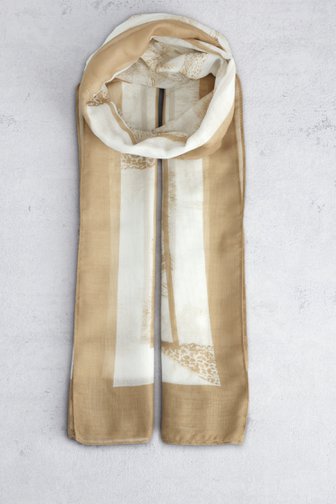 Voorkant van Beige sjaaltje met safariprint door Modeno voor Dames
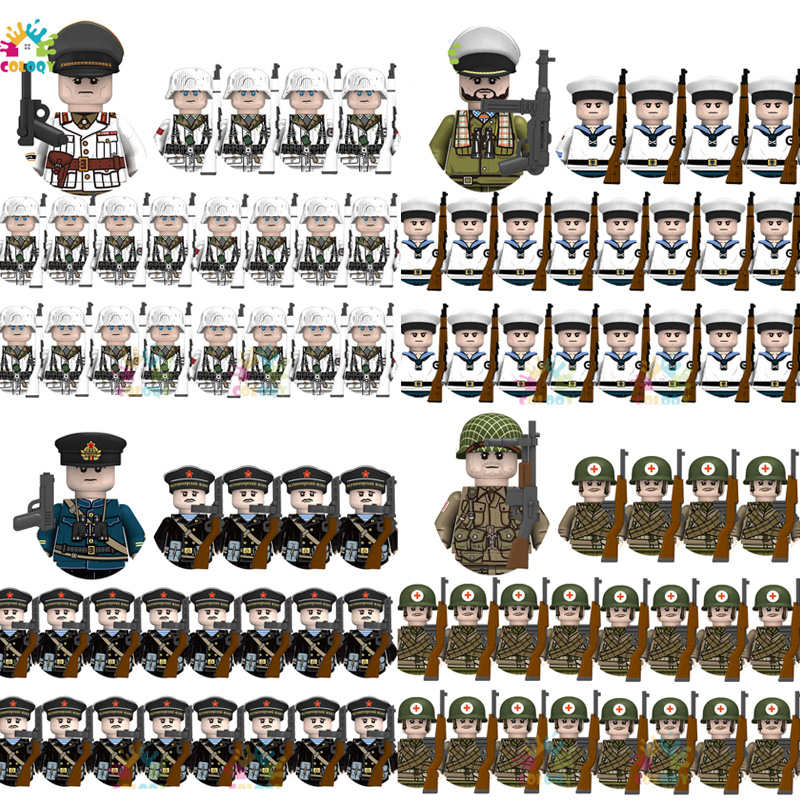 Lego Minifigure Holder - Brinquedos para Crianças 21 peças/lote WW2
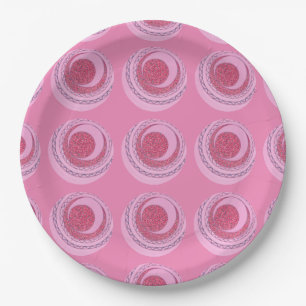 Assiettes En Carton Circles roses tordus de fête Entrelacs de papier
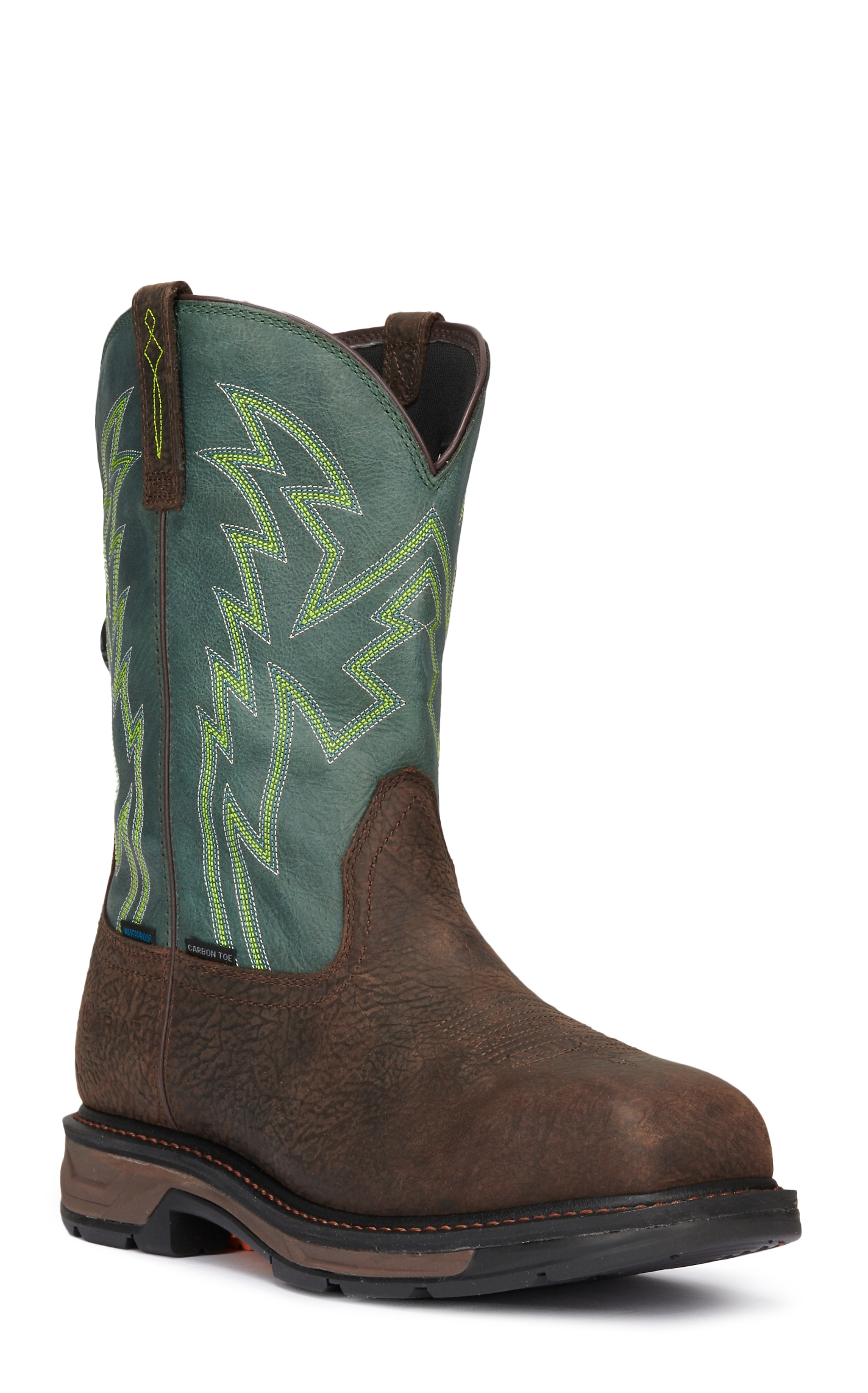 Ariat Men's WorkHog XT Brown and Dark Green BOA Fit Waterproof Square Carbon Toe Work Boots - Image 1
* * *
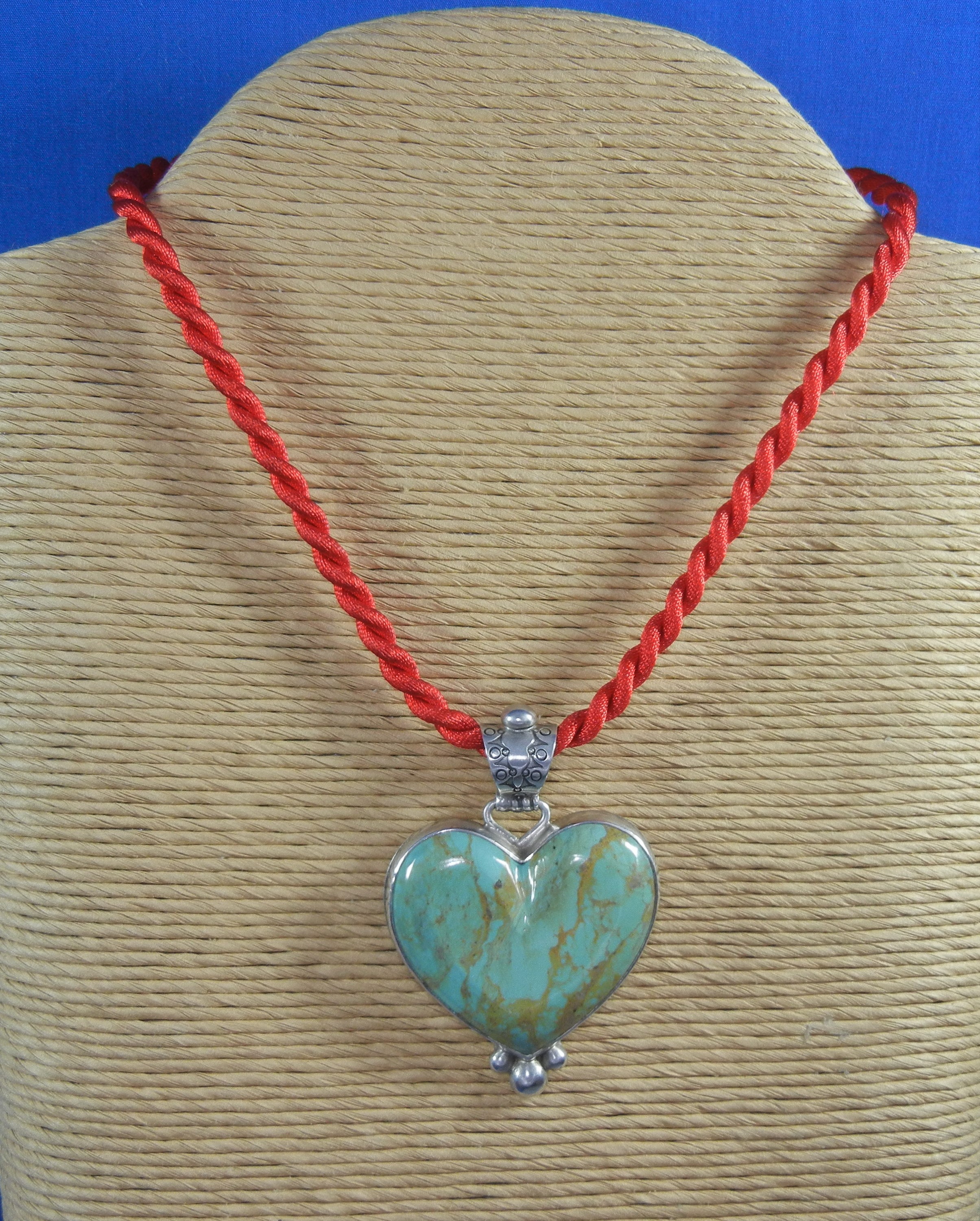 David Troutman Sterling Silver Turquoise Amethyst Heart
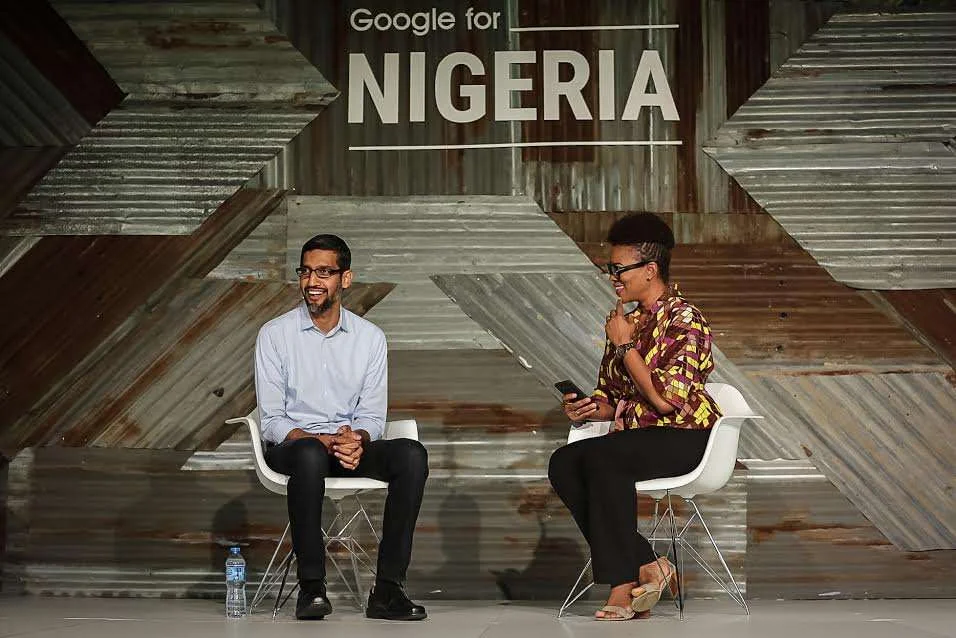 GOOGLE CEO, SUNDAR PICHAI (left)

_Exercise goal_
The lines above starting at the one that holds "Voorkant van Beige" and ending at the one that holds "Ariat Men's WorkHog" are to be written out exactly, ends included, and no pictures are to be copied.

_Task response_
 Voorkant van Beige sjaaltje met safariprint door Modeno voor Dames
 Lego Minifigure Holder - Brinquedos para Crianças 21 peças/lote WW2
 Assiettes En Carton Circles roses tordus de fête Entrelacs de papier
 Ariat Men's WorkHog XT Brown and Dark Green BOA Fit Waterproof Square Carbon Toe Work Boots - Image 1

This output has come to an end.